KEEPING SCORE: The Standard & Poor's 500 index was little changed at 2,102 as of 10:01 a.m. Eastern. The Dow Jones industrial average dropped 50 points, or 0.3 percent, to 17,640. The Nasdaq composite rose nine points, or 0.2 percent, 5,137.
ENERGY: Benchmark U.S. crude shed $1.02 to $46.09 a barrel on the New York Mercantile Exchange.
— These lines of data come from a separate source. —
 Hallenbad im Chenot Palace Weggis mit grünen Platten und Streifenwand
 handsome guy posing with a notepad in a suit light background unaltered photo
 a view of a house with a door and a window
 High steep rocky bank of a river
The price of oil slumped 21 percent in July.
GREEK COLLAPSE: Greece's stock market sank 17 percent as it reopened from a month-long shutdown brought on by the near collapse of the country's financial system during its high-wire bailout negotiations.
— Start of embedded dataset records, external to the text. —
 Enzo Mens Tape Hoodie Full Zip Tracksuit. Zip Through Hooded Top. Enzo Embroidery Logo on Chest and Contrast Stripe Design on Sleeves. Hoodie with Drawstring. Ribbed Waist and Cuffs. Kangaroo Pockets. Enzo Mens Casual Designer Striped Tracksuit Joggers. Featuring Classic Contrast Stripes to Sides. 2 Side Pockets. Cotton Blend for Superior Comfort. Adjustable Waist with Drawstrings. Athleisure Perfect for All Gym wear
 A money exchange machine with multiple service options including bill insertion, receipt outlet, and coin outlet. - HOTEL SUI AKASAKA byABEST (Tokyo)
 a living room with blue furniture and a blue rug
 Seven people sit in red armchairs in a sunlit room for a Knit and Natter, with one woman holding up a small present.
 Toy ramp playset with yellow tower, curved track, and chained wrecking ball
A survey published Monday showed the damage caused to the Greek economy in July by the bank closures, money controls and uncertainty over the country's future.
Financial information company Markit said its gauge of manufacturing activity in Greece plummeted in July to the lowest reading ever recorded, despite improvements across the rest of the 19-country eurozone. A separate survey showed that business and consumer confidence fell for a fifth consecutive month in July to its worst level since October 2012.
EUROPE'S DAY: European stocks mostly rose as investors shrugged off the plunge in Greece's market. Asian shares closed lower on evidence of weakness in Chinese manufacturing. Germany's DAX rose 1.1 percent and France's CAC 40 gained 0.6 percent. Britain's FTSE 100 edged down 0.2 percent.
MANUFACTURING: U.S. factories were a little less busy last month. The Institute of Purchasing Managers' manufacturing index slipped to 52.7 last month from 53.5 in June. Economists had expected the index to remain unchanged. Any reading above 50 indicates growth.
CURRENCIES AND BONDS: The dollar strengthened to 124 yen from 123.91 yen Friday. The euro inched down to $1.0979 from $1.1010. Bond prices rose. The yield on the 10-year benchmark Treasury note fell to 2.17 percent from 2.18 percent Friday.